Uma das passagens mais interessantes do congresso foi apresentada por Massimo Faggioli, que falou dos leigos na Igreja em tempos de Francisco. “Há uma relação estreita entre a crise da democracia e a crise do laicato católico organizado”, afirma o professor de Ferrara, que ensina nos Estados Unidos.

“O laicato católico global não se identifica mais com aquele estrato social de extração europeia que se colocava entre o proletariado e a burguesia média-alta. As novas ênfases do magistério de Francisco sobre o matrimônio e a família são fruto dessa mutação. Bergoglio percebeu essa estagnação do movimentismo católico, uma estagnação em termos de impulso propulsor, senão também em termos demográficos. Tons totalmente novos vêm de Francisco em relação ao laicato católico organizado, quando o papa adverte contra a tentação de utilizar a experiência do movimento-associação como refúgio para católicos cultural ideologicamente afins.”

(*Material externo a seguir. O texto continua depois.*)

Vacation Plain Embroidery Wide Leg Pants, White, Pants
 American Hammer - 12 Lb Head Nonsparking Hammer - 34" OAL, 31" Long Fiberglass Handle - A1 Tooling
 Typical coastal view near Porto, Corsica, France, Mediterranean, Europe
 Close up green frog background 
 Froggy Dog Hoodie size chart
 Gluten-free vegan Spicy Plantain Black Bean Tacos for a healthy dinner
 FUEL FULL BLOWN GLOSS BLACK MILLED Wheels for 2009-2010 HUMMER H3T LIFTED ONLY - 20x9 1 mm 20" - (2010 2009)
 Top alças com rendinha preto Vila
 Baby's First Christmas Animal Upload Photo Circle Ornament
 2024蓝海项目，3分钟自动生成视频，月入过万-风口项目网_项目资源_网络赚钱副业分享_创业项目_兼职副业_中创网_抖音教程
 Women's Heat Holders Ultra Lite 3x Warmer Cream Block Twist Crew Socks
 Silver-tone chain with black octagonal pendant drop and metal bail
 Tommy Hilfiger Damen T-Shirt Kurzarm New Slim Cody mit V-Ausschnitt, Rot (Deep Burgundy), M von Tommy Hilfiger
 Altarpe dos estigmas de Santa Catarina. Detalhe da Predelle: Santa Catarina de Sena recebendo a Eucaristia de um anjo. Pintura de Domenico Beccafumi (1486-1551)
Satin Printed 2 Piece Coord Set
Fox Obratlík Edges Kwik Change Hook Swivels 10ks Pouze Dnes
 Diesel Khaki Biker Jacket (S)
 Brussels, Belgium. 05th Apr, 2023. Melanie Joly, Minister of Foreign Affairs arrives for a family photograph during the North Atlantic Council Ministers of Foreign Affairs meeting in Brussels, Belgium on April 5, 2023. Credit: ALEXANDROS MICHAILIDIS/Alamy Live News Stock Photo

“A mensagem de Francisco continua no rastro da eclesiologia católica do século XX e conciliar, superando não só a eclesiologia dos duo genera christianorum, mas também a eclesiologia do duo genera laicorum. Francisco arquivou a ideia de uma superioridade do laicato organizado e ideologicamente orgânico ao pontificado como o modelo perfeito de laicato saudável, superior ao laicato indistinto dentro da comunhão eclesial”, conclui Faggioli.

Na introdução do congresso, Andrea Riccardi desenvolveu uma reflexão sobre a “Igreja entre centro e periferia”. O papa – sublinhou o historiador, fundador da Comunidade de Santo Egídio, além de presidente da Sociedade Dante Alighieri – é tanto “profeta” quanto “homem de governo”, e, embora Francisco expresse apreço por um estilo colegial e sinodal, “parece-me – ressaltou Riccardi, recapitulando os quase quatro anos de pontificado do papa chamado “quase do fim do mundo” para relançar, com uma reforma, uma Igreja e uma Cúria marcadas em 2013 por uma crise profunda – que há uma verticalização no governo da Igreja, à espera de que emerja uma renovação profunda à qual o papa incentiva como profeta”.

Nesse contexto, a “reforma do centro para a periferia”, personificada pelo papa, “em certo sentido, ainda não tomou forma”, enquanto “aquela sobre a qual o Papa Francisco trabalha mais, eu diria, é uma revolução cultural de longo prazo”.

A reforma de Jorge Mario Bergoglio, em suma, não tem um “desenho orgânico e eclesiológico”, como aquele promovido por Paulo VI na sua época, que, com a pressão do Concílio Vaticano II, em apenas dois anos, mudou profundamente o pessoal da Cúria.

Não é um programa detalhado como o que fez Paulo VI, mas sim um “processo”, que, por si só, “não é controlável”. Daí a pergunta: “Em um processo, tudo depende não de quem o coloca em movimento, mas da recepção”, por parte de pastores, fiéis, sujeitos eclesiais, e a reforma do Papa Francisco está despertando “adesões, resistências e também indiferença”.

Esse, para Riccardi, é o “grande desafio”, porque “a bola passa para o campo dos vários sujeitos eclesiais”. O Papa Francisco “vai incidir sobre a história de longo prazo do catolicismo?” Jorge Mario Bergoglio “terá sucesso?” Para responder, “não devemos olhar só para o papa, mas também para a realidade da Igreja do século XXI, para como os vários sujeitos aderem, resistem ou são indiferentes”, disse o historiador.

O risco, para aqueles que tentam entender e descrever o papado, é que “a observação pare no papa, não vendo a miríade de setores do catolicismo, mas que, em grande parte, determinarão o sucesso ou o insucesso daquilo que o Papa Francisco inicia”.